The Voyager 1 space probe has reached the edge of the solar system, extending its record for being the most distant man-made object in space.
According to a statement from NASA's Jet Propulsion Laboratory in Pasadena, California, the spacecraft is sending back data to Earth showing a sharp increase in charged particles that originate from beyond the solar system.
"Voyager scientists looking at this rapid rise draw closer to an inevitable but historic conclusion - that humanity's first emissary to interstellar space is on the edge of our solar system," NASA said in the statement.
Voyager 1, along with its sister spacecraft Voyager 2, was launched in 1977 and is now about 18 billion kilometres from the Sun. It is moving at a speed of about 17 km per second and it currently takes 16 hours and 38 minutes for data to reach NASA's network on Earth. Voyager 2 is about 15 billion kilometres from the Sun.
Between them, the probes have explored all the giant planets of the solar system; Jupiter, Saturn, Uranus, and Neptune, as well as 48 of their moons.
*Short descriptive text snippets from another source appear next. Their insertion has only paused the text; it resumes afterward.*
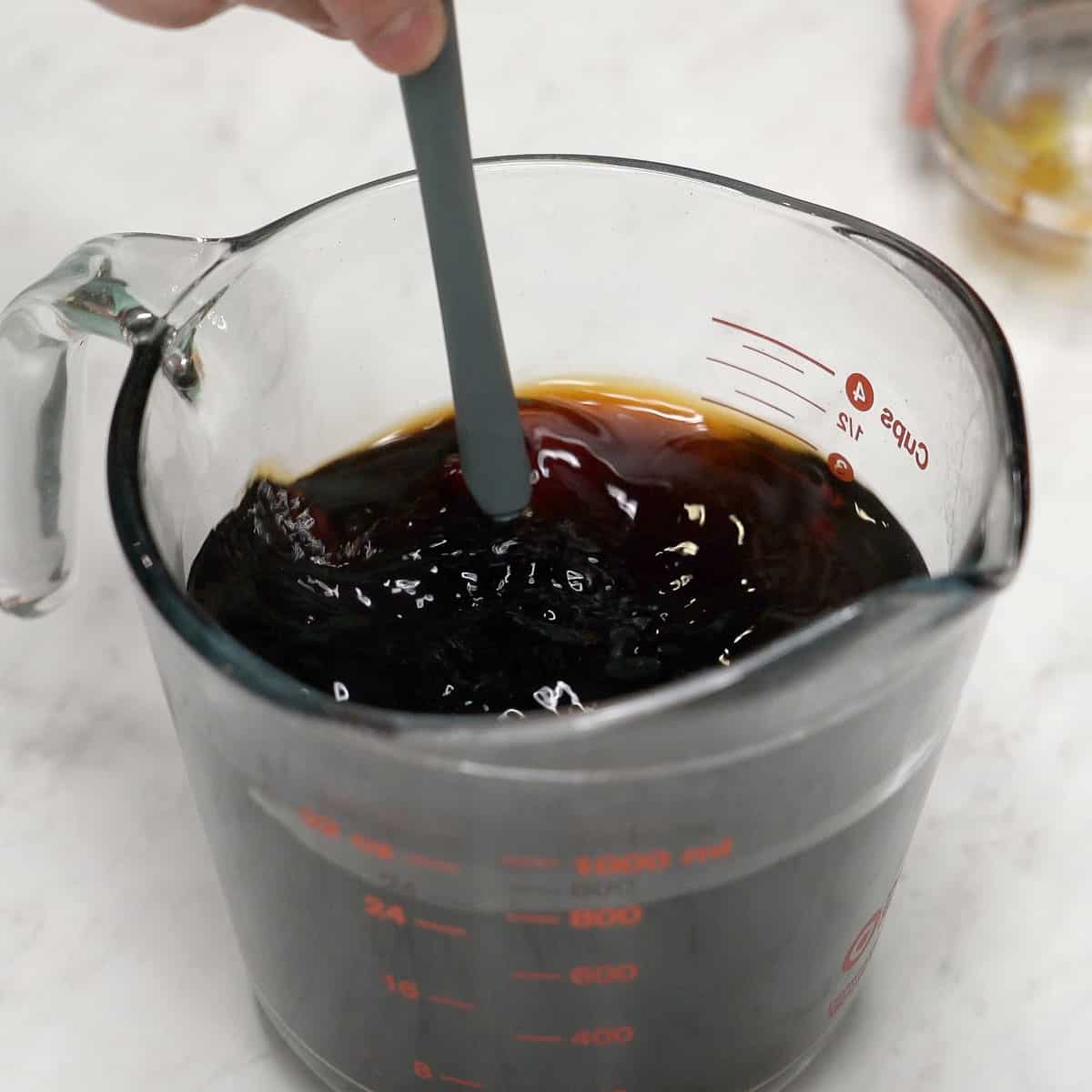 Mixing sauce in a cup.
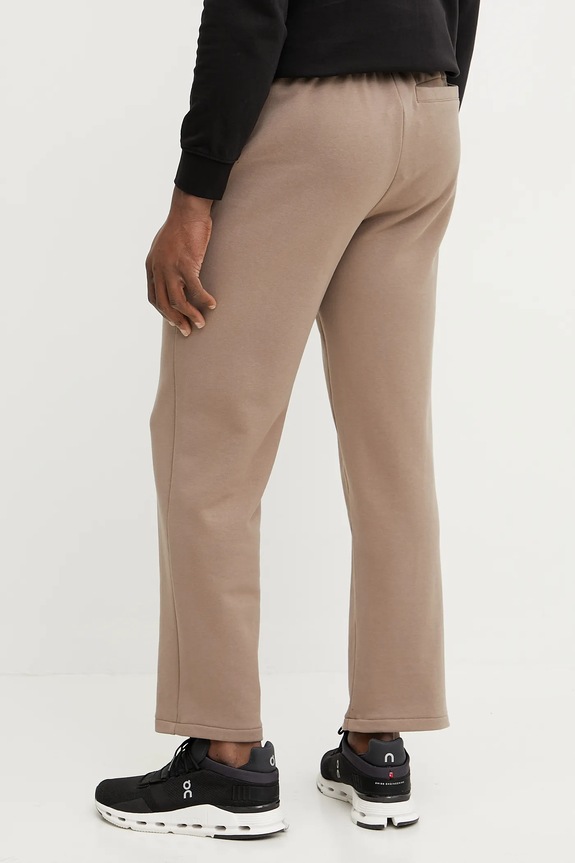 Odzież Puma spodnie dresowe bawełniane 629651 brązowy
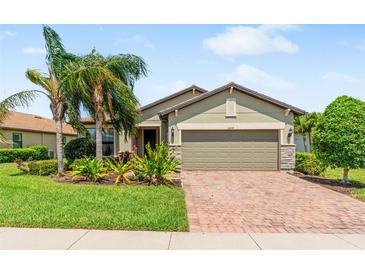 Charming single-story home with well-manicured lawn, lush landscaping, and a brick-paved driveway at 11214 Sandhill Preserve Dr, Sarasota, FL 34238
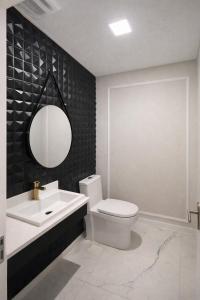 a bathroom with a sink and a toilet and a mirror at Summerview novo , 2 piscinas e 2 jacuzzis, 2 quartos Novo! in Itapema
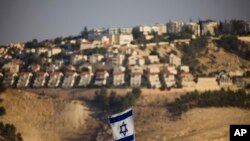 FILE - An Israeli flag is seen near the West Bank Jewish settlement of Maaleh Adumim on the outskirts of Jerusalem.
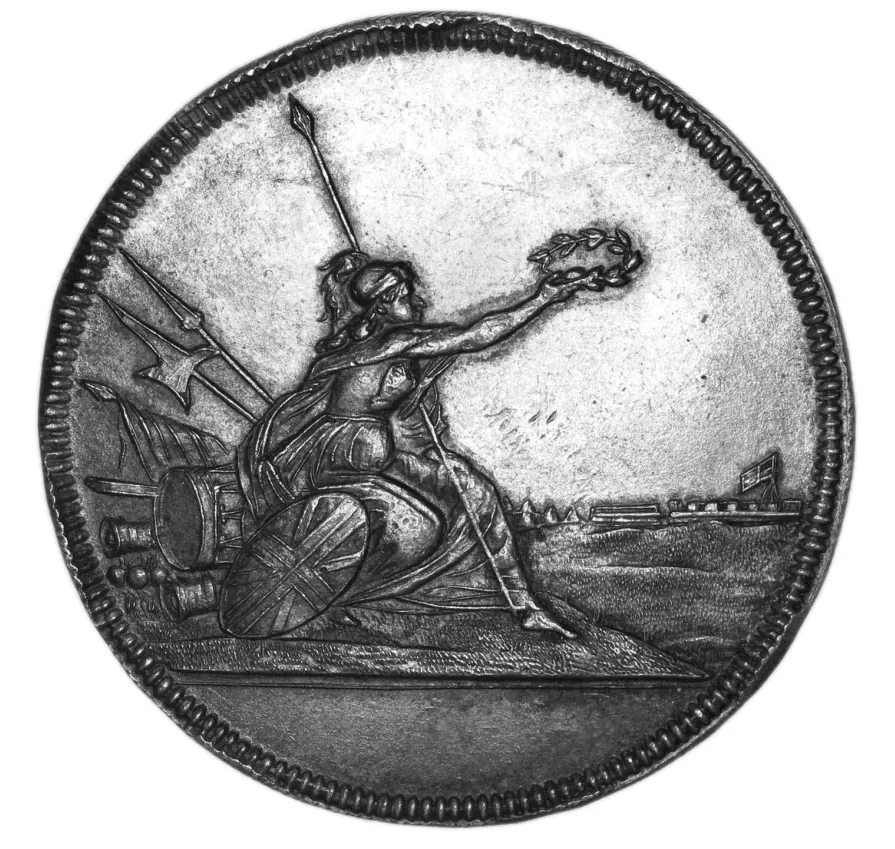 Metalen medaille met een vrouwelijke figuur, Brittannia, die een lauwerkrans vasthoudt. Op de achtergrond een fort met een vlag.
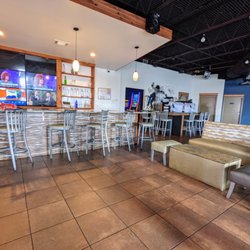 N3dos Restaurant & Lounge - Inside. Bar, dining room, game room, DJ stage, and lounge. Dance floor too, I think.
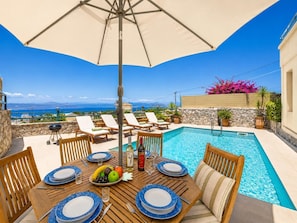 Un espace repas aménagé au bord de la piscine, avec une table dressée pour quatre personnes, un barbecue et une vue sur la mer.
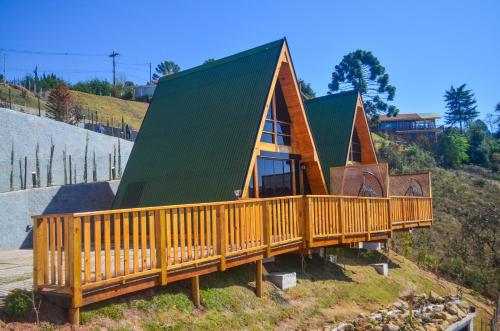 a house with a green roof on top of a hill at Chalés Laraland in Campos do Jordão
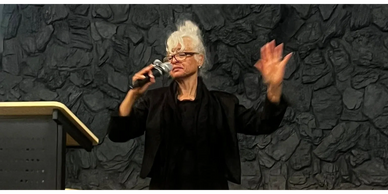 Woman with white hair speaks passionately into a microphone.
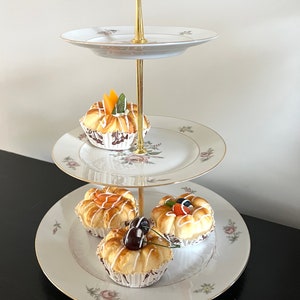 May include: A three-tiered serving stand with floral patterned plates and a gold-colored central support. Each plate holds a small pastry, decorated with fruit. The stand is set against a neutral background, suggesting a display for desserts or appetizers.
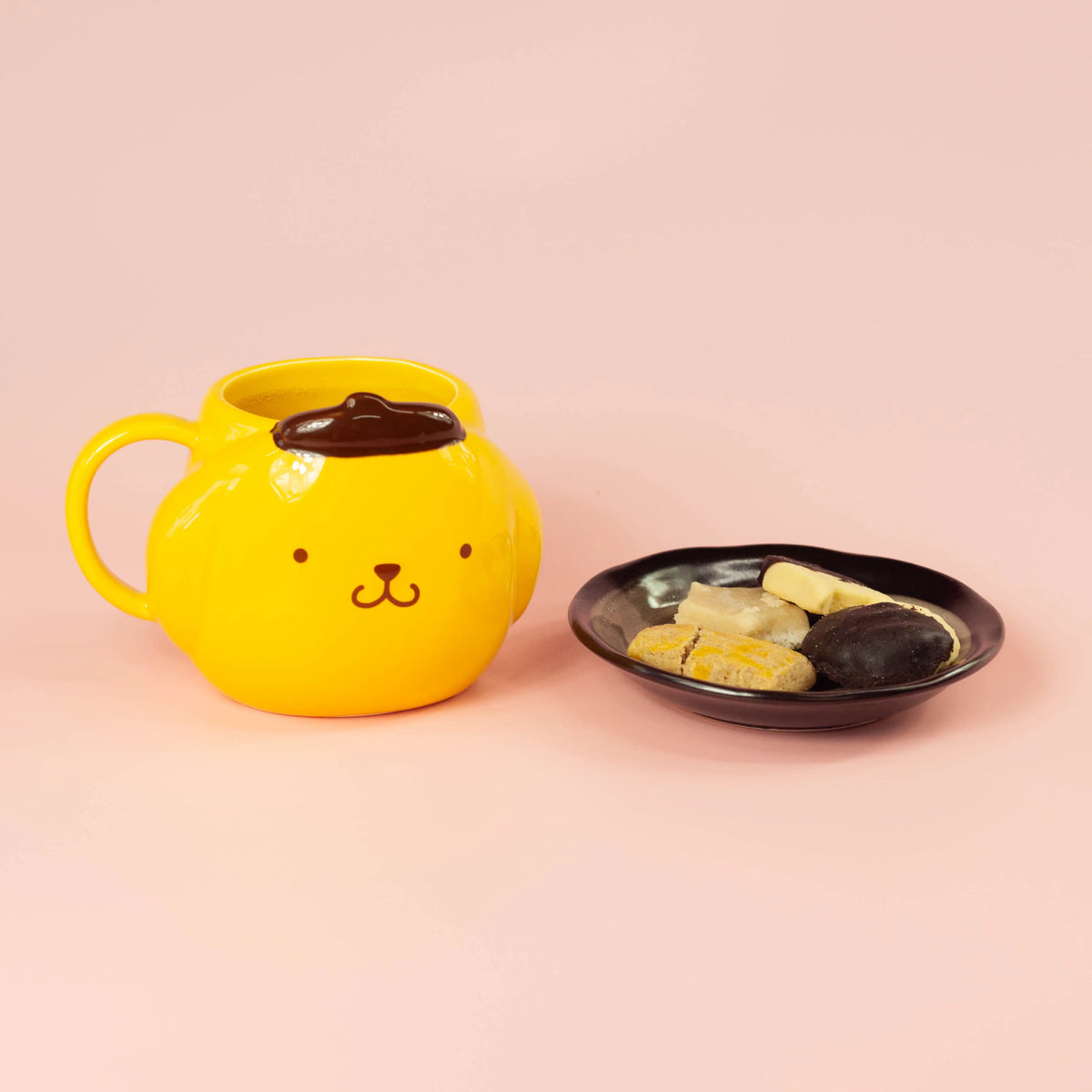Yellow dog-faced mug next to a black plate of cookies on a pink background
They both carry a greeting for any extraterrestrial life they may bump into, a phonograph record and 12-inch gold-plated copper disk with sounds and images of life and culture on Earth selected by a group chaired by the famous space scientist Carl Sagan.
The charged particles hitting Voyager 1 originate from stars that have exploded elsewhere in the galaxy. They have been steadily rising as it approaches interstellar space but that trend has become sharper in recent months.
"From January 2009 to January 2012, there had been a gradual increase of about 25 percent in the amount of galactic cosmic rays Voyager was encountering," said Ed Stone, Voyager project scientist at the California Institute of Technology in Pasadena.
"More recently, we have seen very rapid escalation in that part of the energy spectrum. Beginning on May 7, the cosmic ray hits have increased five percent in a week and nine percent in a month."
The exact position of the edge of the solar system is unclear but another indicator that Voyager has entered interstellar space is expected to be a change in the direction of the magnetic fields around the space craft. NASA scientists are looking at data from the craft to see if this predicted change has occurred.
"The laws of physics say that someday Voyager will become the first human-made object to enter interstellar space, but we still do not know exactly when that someday will be," said Stone. "The latest data indicate that we are clearly in a new region where things are changing more quickly. It is very exciting. We are approaching the solar system's frontier."
The plutonium power sources on the Voyager probes are designed to last until 2025. When they die, the probes will keep hurtling through space towards other stars in the Milky Way but they will no longer transmit data back to Earth.